Challenged by Counsel to the Inquiry John Stewart about the absence of the junior doctors, he said:
Dr Fulton: there were people in that room, their consultants who would speak on their behalf … and describe their involvement in Raychel’s treatment.
Mr Stewart: But Mr Gilliland [consultant surgeon] couldn’t tell you what Mr Zafar [a senior house officer] said or thought, let alone what other doctors who aren’t noted here… The question is, why didn’t you send out for these individuals who weren’t there and ask them to come and give their account, be interviewed or make a statement?
Dr Fulton: Because I felt we had enough initial experience of the treatment at that meeting to make a start.
Mr Stewart also questioned Dr Fulton on “the almost total lack of documentation” surrounding the review, with Dr Fulton saying that he had carried the information from it in his head.
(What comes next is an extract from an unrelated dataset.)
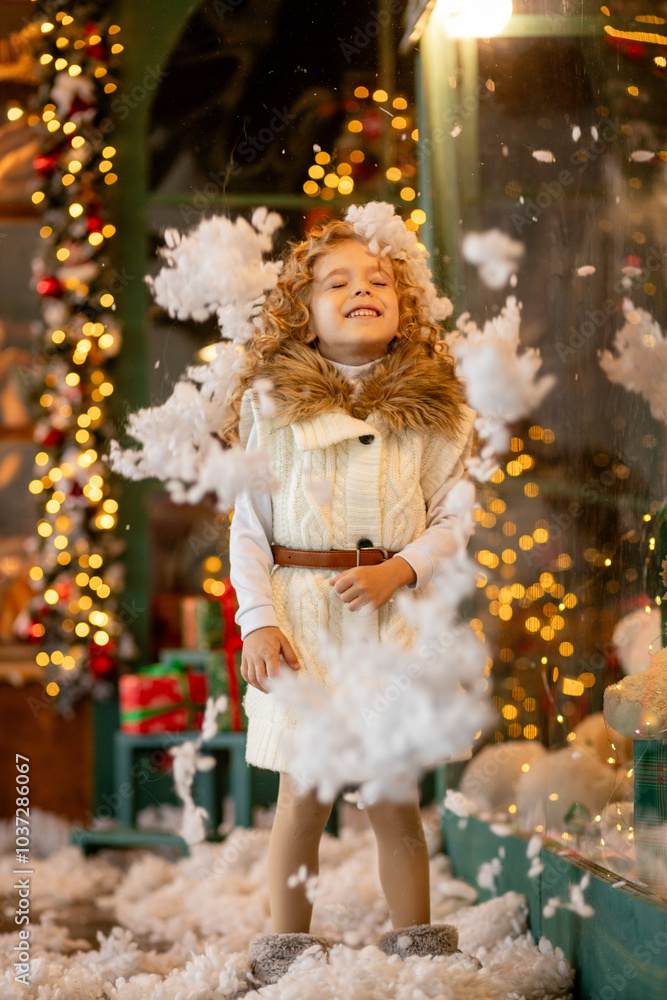 A little curly girl throws artificial snow in the interior of the Christmas studio. dreams and joys Christmas Eve. Christmas. The holiday is coming A little curly girl throws artificial snow in the interior of the Christmas studio. dreams and joys Christmas Eve. Christmas. The holiday is coming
He was also asked to explain why the trust’s protocols for dealing with a critical incident, drawn up the year before with a team including Dr Fulton, carried a warning that statements taken from staff for the investigation could later be discoverable in the event of litigation.
Mr Justice O’Hara: The reason it’s being raised, doctor, is this: that this wouldn’t be the first time in the inquiry that we’ve been informed that certain procedures had been followed because there’s advice from medical insurance companies that statements are not taken or that certain steps are not taken. And the specific reference here to future litigation suggests that this may have been playing on your minds when the protocol was finalised.
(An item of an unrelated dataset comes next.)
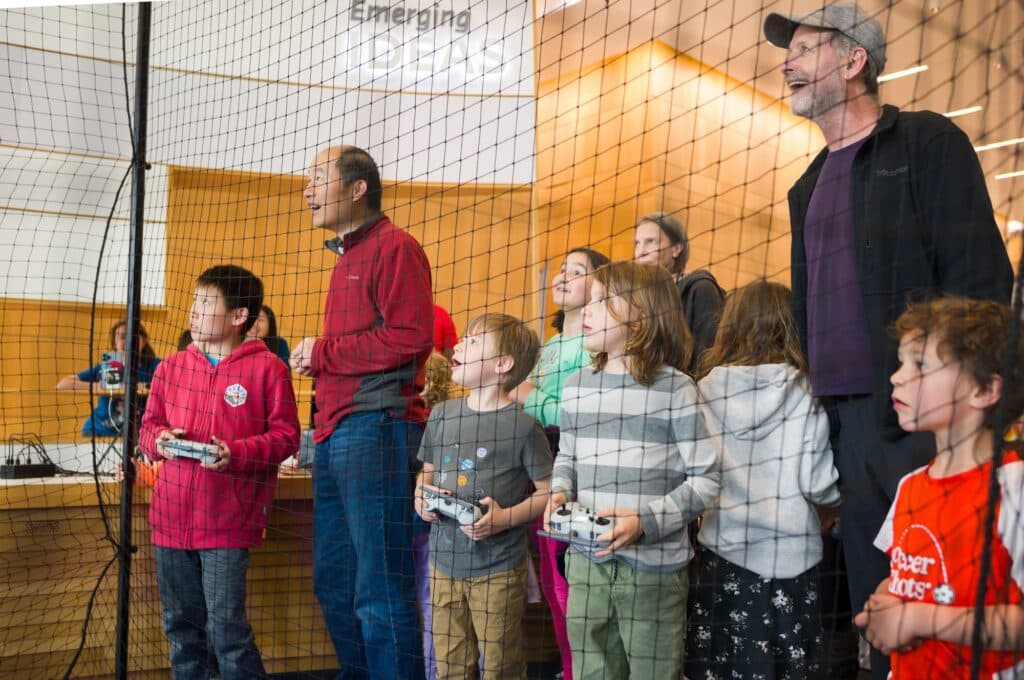 People standing next to netting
Michael Stitt QC, for the trust, pointed out that the trust’s protocols had been drawn from the work of an authority on health service governance, Dr Miriam Lugon, which carried the same warning and did not reflect a particular culture of litigation defensiveness at Altnagelvin.
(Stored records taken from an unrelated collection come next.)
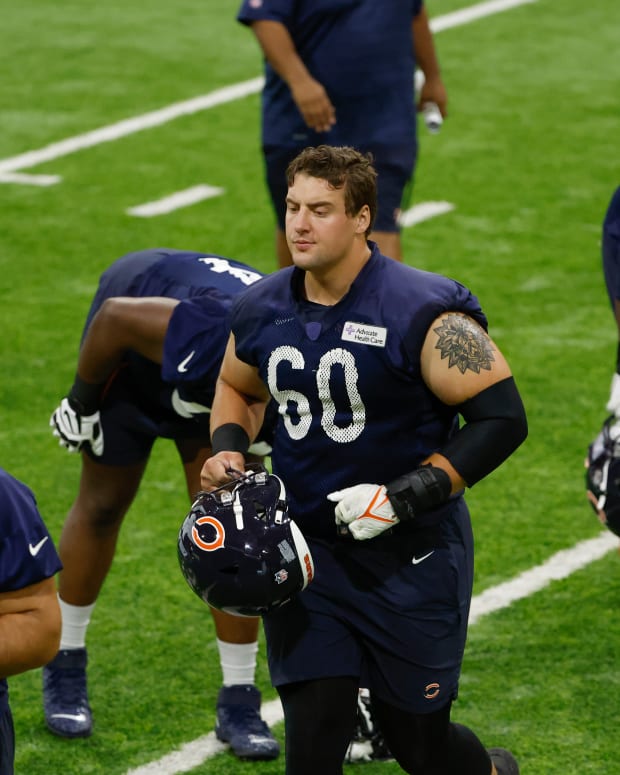 Jun 8, 2022; Lake Forest, IL, USA; Chicago Bears offensive line Dieter Eiselen (60) warms up during organized team activities at Halas Hall. Mandatory Credit: Kamil Krzaczynski-USA TODAY Sports
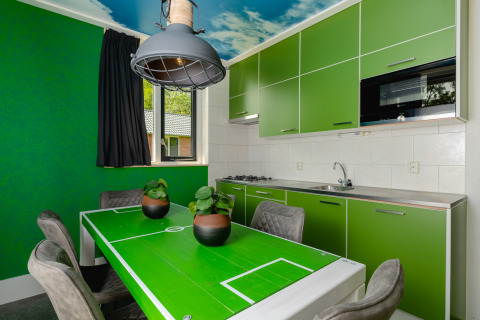 Keuken in de FC Mölke stadion lodge, met groene kasten en een eettafel als voetbalveld.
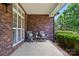 Inviting covered front porch furnished with seating and decorative pillows for a cozy outdoor space at 4860 Sherborne Dr, Harrisburg, NC 28075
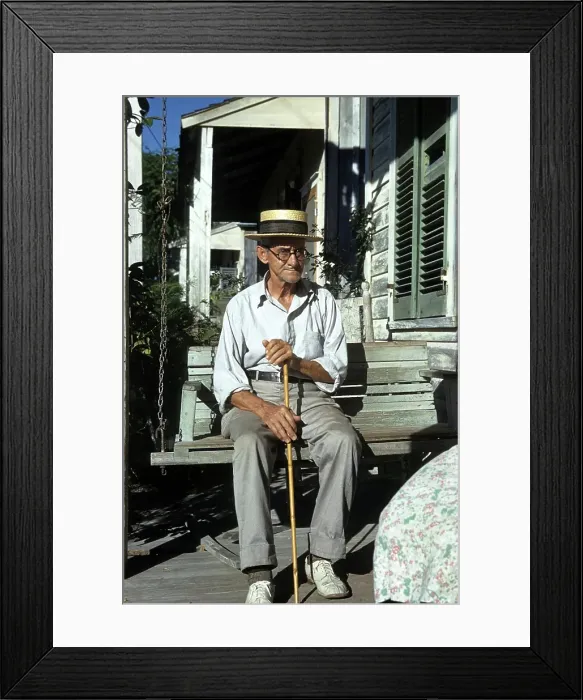 Framed Print : KEY WEST, FL - CIRCA 1946: A view as a old man sits with his cane in Key West, Florida Framed Print : KEY WEST, FL - CIRCA 1946: A view as a old man sits with his cane in Key West, Florida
Mr Justice O’Hara: But surely the point, Mr Stitt, is that the fact that Dr Lugon’s writing along these lines emphasises the culture of litigation defensiveness. Because if you’re writing a book, which is effectively a governance book, and you as the author of that book are dealing with potential for litigation, and in effect what this is saying is: ‘look, if you didn’t have this review system and the claims manager took a statement from a member of staff, that would be privileged’; now, if you’re going to take a statement in the context of a critical incident review within the hospital, there will be a debate about what the dominant purpose of the statement is, whether it’s for litigation purposes or whether it’s for review purposes – and what Dr Lugon appears to be saying here is: ‘the notion of privilege may be challenged, and in the event the information gathered will have to be disclosed’; so what Dr Lugon is emphasising is the risk of litigation and, in the context of the risk of litigation, there is the potential for critical incident review statements to be discoverable. And that being the case, you may consider whether to conduct your critical incident review on the basis that you don’t necessarily take statements because they may become known, in this case to the Ferguson family. Your point is that it isn’t just Altnagelvin which is defensive, I’ll take that point, but what this is identifying is the rampant culture in the Health Service.